• _Task to carry out_
Beginning with the line that has "Salary histogram for" and ending with the line that has "CF大校5图标详解：从入门到精通", retype the entries below exactly, except for the pictures.

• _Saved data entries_
- - -
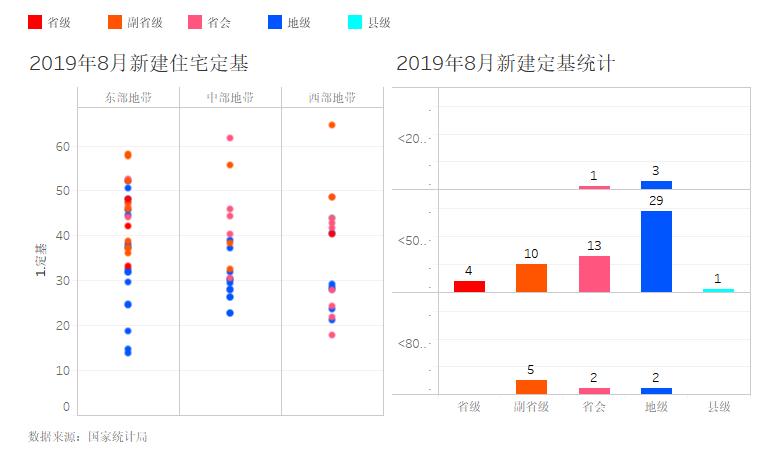 秦皇島商品房最新價(jià)格，科技重塑居住夢想概述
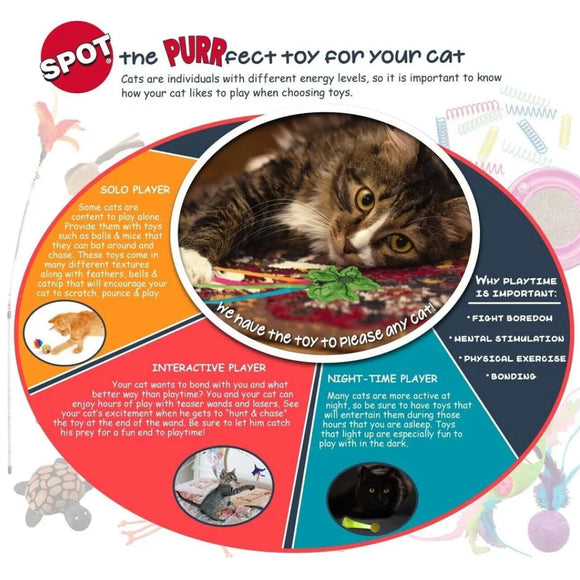 Ethical Songbird Teaser Wand Assorted Toy For Cat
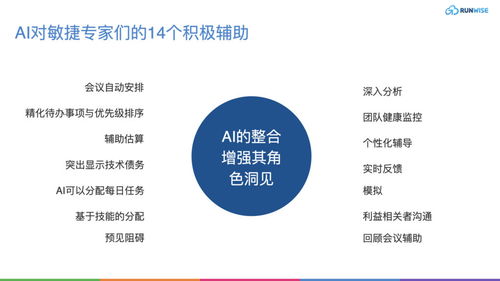 組織創新 AI賦能敏捷實踐，助力企業接待業務敏捷轉型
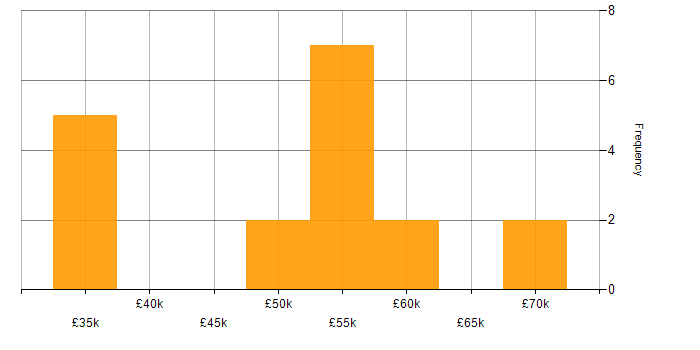 Salary histogram for Full Stack Software Engineer in the North West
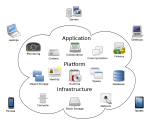 Công cụ trích xuất và phân tích dữ liệu trên các dịch vụ điện toán đám mây
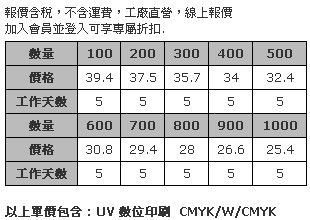 5cm 透明壓克力鑰匙圈 (全彩數位直噴兩面同圖，厚度5mm)-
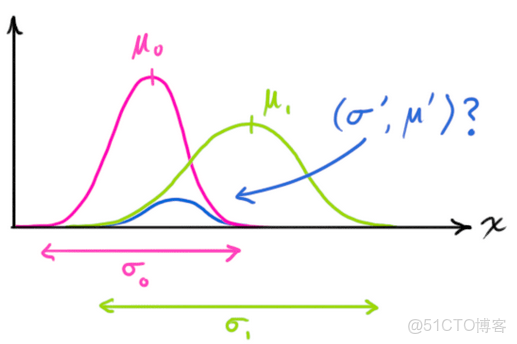 中值濾波器是將高於平均值嗎 中值濾波器的工作原理_中值濾波器是將高於平均值嗎_42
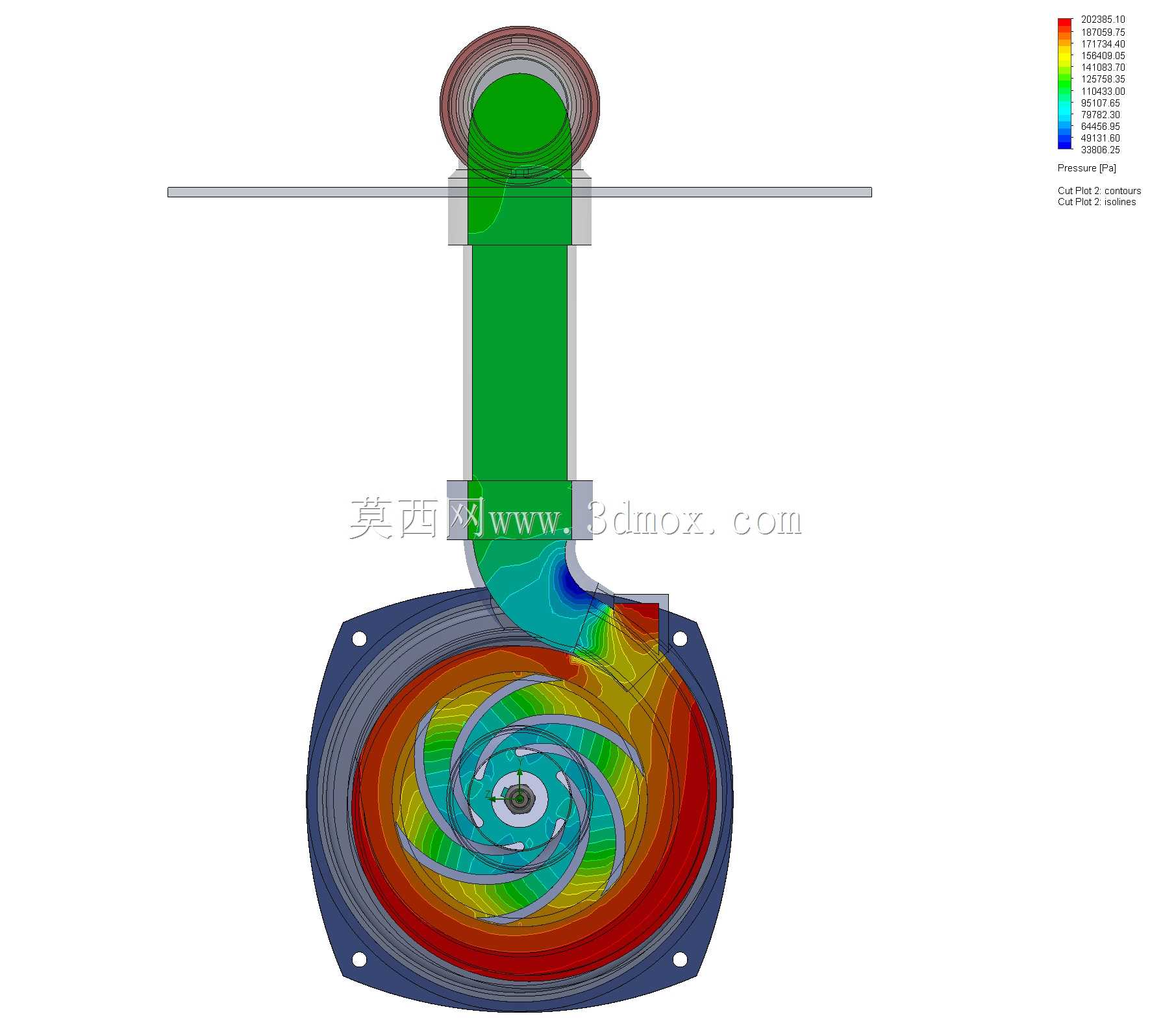 Bomba Predollo NGA�����ıã�agua��Pulsor semiabierto��sistema de prueba para Pulsures��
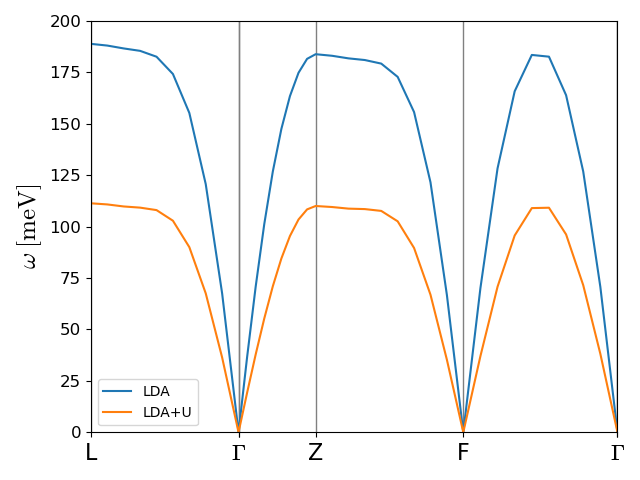 ../../../_images/nio_dispersion.png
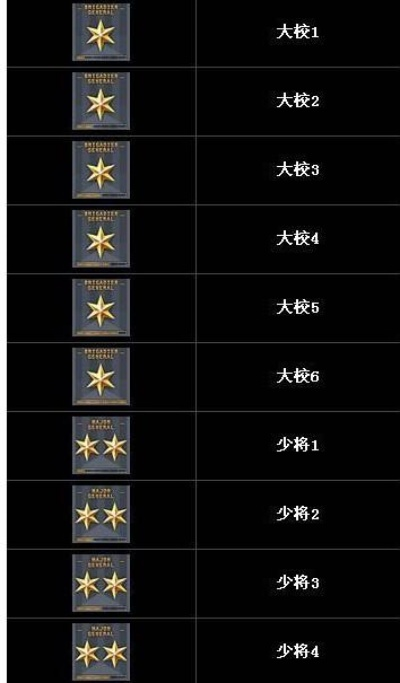 CF大校5图标详解：从入门到精通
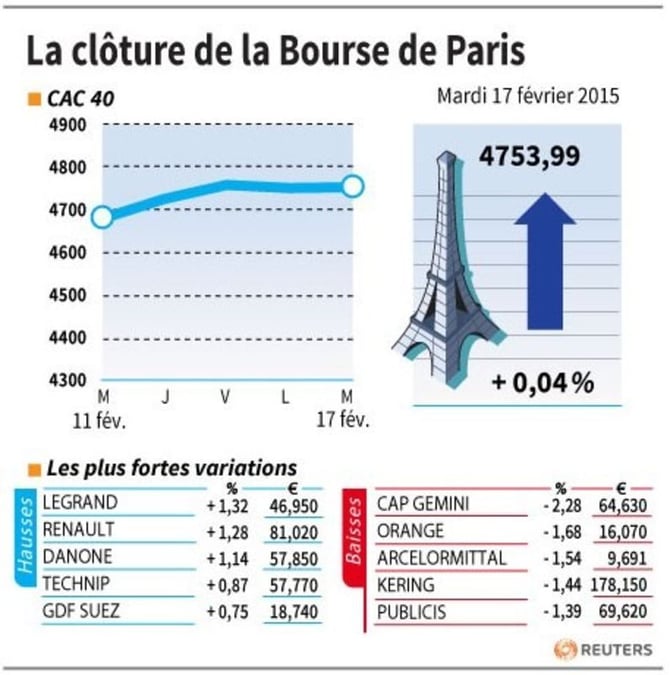La cloture de la bourse de paris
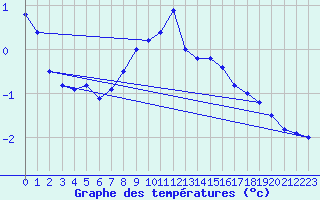 Courbe de tempratures pour Virtsu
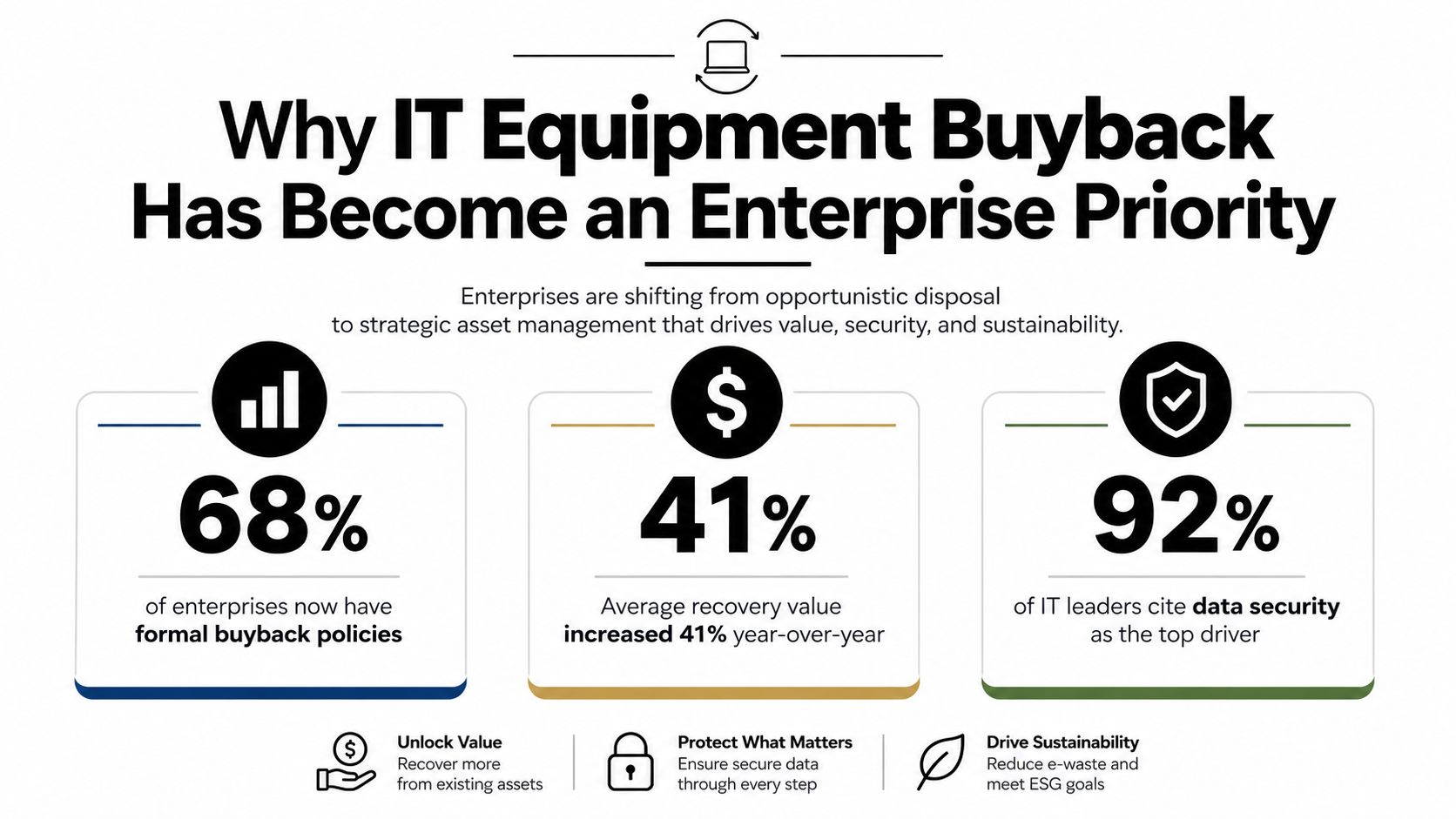 An infographic titled Why IT Equipment Buyback Has Become an Enterprise Priority with statistics on policies and data security.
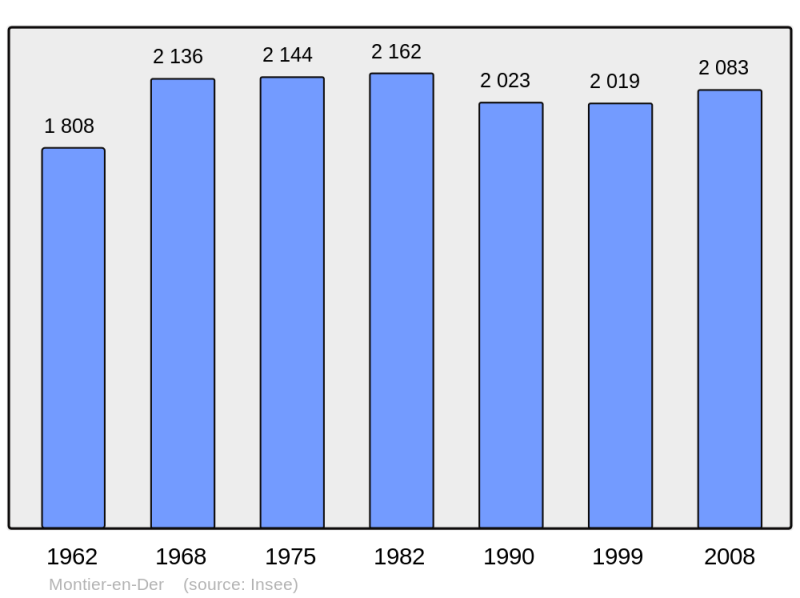Soubor:Population - Municipality code 52331.png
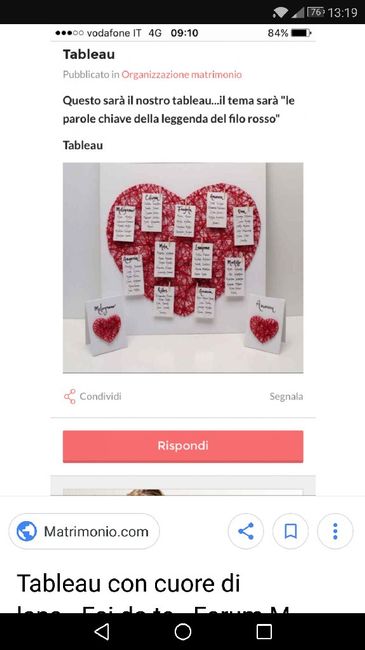 Tableau de mariagge e cavalieri - 2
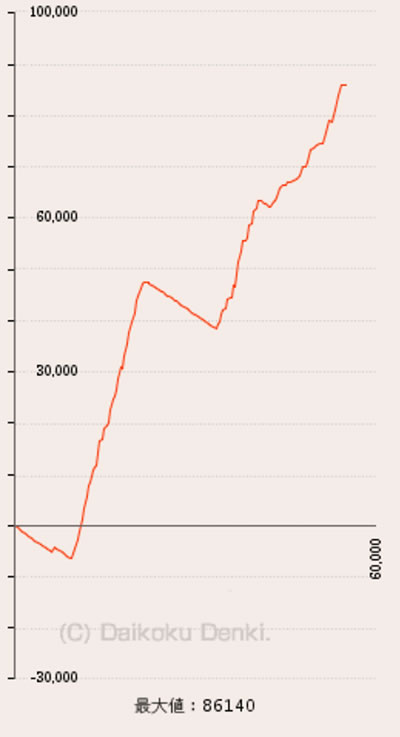 �ς���CR�^�E�k�l���o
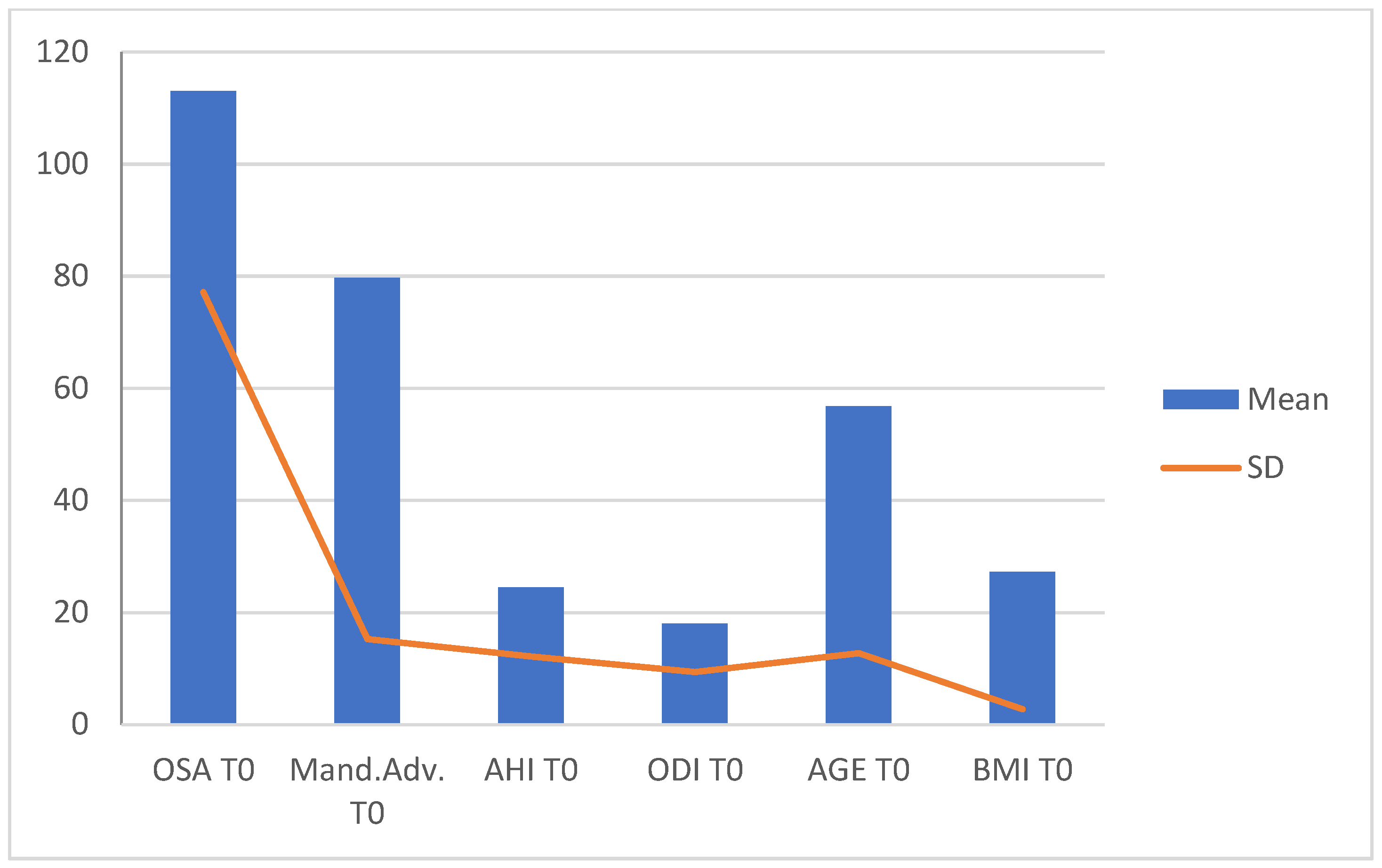 Applsci 12 12040 g003 Applsci 12 12040 g003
- - -
• _Your response_
 Salary histogram for Full Stack Software Engineer in the North West
 Công cụ trích xuất và phân tích dữ liệu trên các dịch vụ điện toán đám mây
 5cm 透明壓克力鑰匙圈 (全彩數位直噴兩面同圖，厚度5mm)-
 中值濾波器是將高於平均值嗎 中值濾波器的工作原理_中值濾波器是將高於平均值嗎_42
 Bomba Predollo NGA�����ıã�agua��Pulsor semiabierto��sistema de prueba para Pulsures��
 ../../../_images/nio_dispersion.png
 CF大校5图标详解：从入门到精通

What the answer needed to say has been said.